Rather, it appeared the gas would be converted into LNG and exported to Southeast Asia.

Mr Statham said the Namibian gas industry had languished for about 30 years because neighbouring Angola was not interested in co-operating in a sub-Saharan project, and this was far too big a burden for the Namibian economy alone.

SA’s stalled Mineral and Petroleum Resources Development Act still requires whipping into shape, as potential energy investors find the legislation extremely unappealing in its current form.

"We have a fear in this country that our natural resources will be exploited and taken offshore," Statham said.

He said sub-Saharan African countries needed to sell much more energy among themselves, while enabling investment in this process.

There was also a worry in SA about the lack of policy regarding cleaner fuels, and how oil companies would recover the costs of upgrading their refineries.

Statham said oil and gas major Shell was still "fairly active" in SA, but domestic energy champion Sasol was playing a "waiting game" and was focusing on its US ethane cracker interests.

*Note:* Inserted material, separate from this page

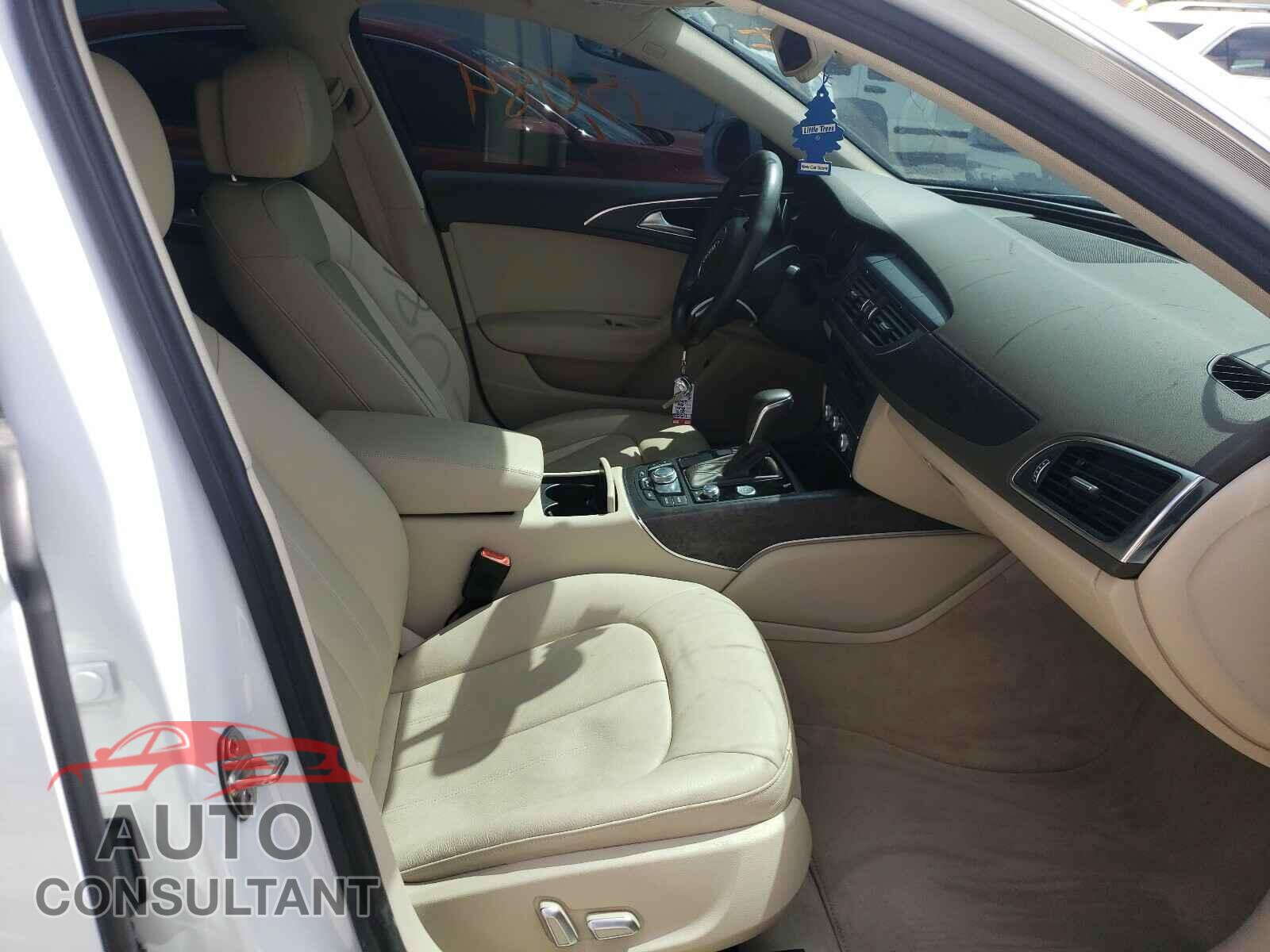 AUDI A6 2018 - WAUC8AFC3JN019530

He said he could not imagine that Sasol would not want to be a player in SA’s energy markets, but that the existing gas distribution network was inadequate.

This affected prospects for Karoo shale gas exploration and put a focus on developing other options, such as LNG terminals at the Saldanha port near Cape Town and Coega harbour complex in the Eastern Cape.

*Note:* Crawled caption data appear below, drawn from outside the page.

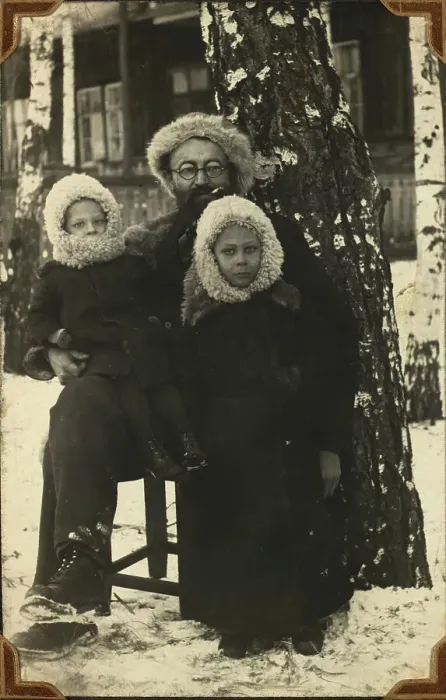 Framed Print : Colonist Vaisman with the Van Smeer Children, 1927. Creator: Unknown Framed Print : Colonist Vaisman with the Van Smeer Children, 1927. Creator: Unknown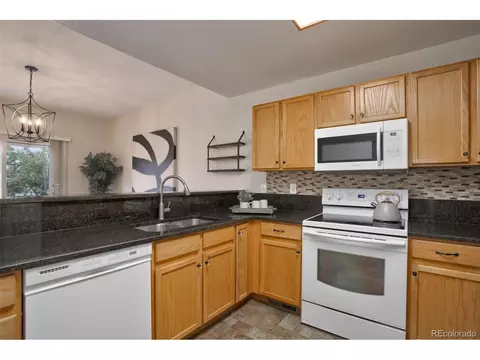 15555 E 40th Ave #20, Denver, CO 80239 photo 10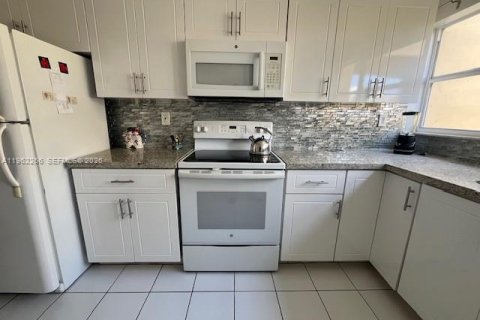 Condo in Miami, Florida, 2 bedrooms  № 2024208 - photo 4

However, PetroSA’s proposed 300,000 barrels-per-day Project Mthombo crude oil refinery for Coega had been in the pipeline for so long now that investors had become jaundiced.

Tagged at an estimated cost of R120bn, the project aims to ensure security of supply of transportation fuels for the country by reducing imports of petroleum products and producing cleaner fuels.

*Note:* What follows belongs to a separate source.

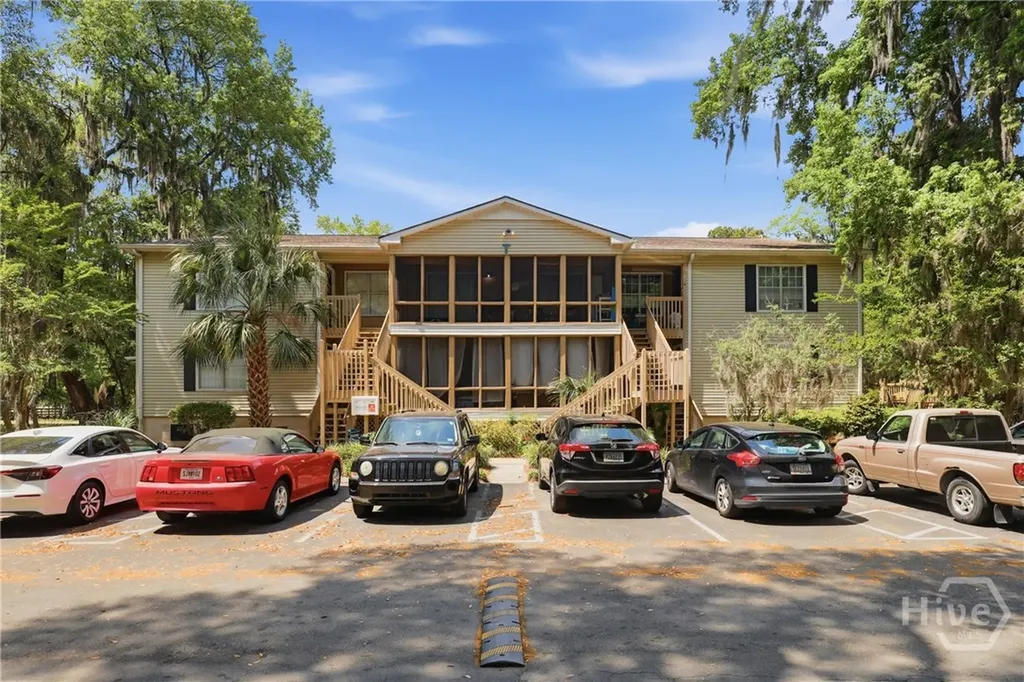 401 N Cromwell Road Savannah GA 31410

Christoph Frei, secretary-general of the World Energy Council, says unconventional gas supplies, led by the US shale gas revolution, have contributed to the structural shifts that are under way in global natural gas markets.

He said all conventional business models of energy supply were under pressure from carbon emissions to changing markets conditions — such as low oil prices and the effect this had on shale gas projects — as smart energy solutions and lower barriers to entry increasingly became the norm.

"Globally, there is massive pressure for innovation," Frei said. But he said project funding and money for training personnel was difficult to find in existing markets.

He said SA needed to solve its "policy challenges" with regard to drafting energy plans.

The World Energy Council’s "energy trilemma index", which ranks countries in terms of their "likely ability to provide sustainable energy policies", places SA 84th out of 130 nations.

SA is ranked last out of the index’s 130 countries in the environmental sustainability subsector of energy supply.

Frei said low commodity prices coupled with the need for green energy solutions had pushed countries including Japan and South Korea to options for gas-fired energy rather than coal.

But in rural Africa — where power supply was largely nonexistent — the obvious move was towards renewable energies such as wind and solar, he said.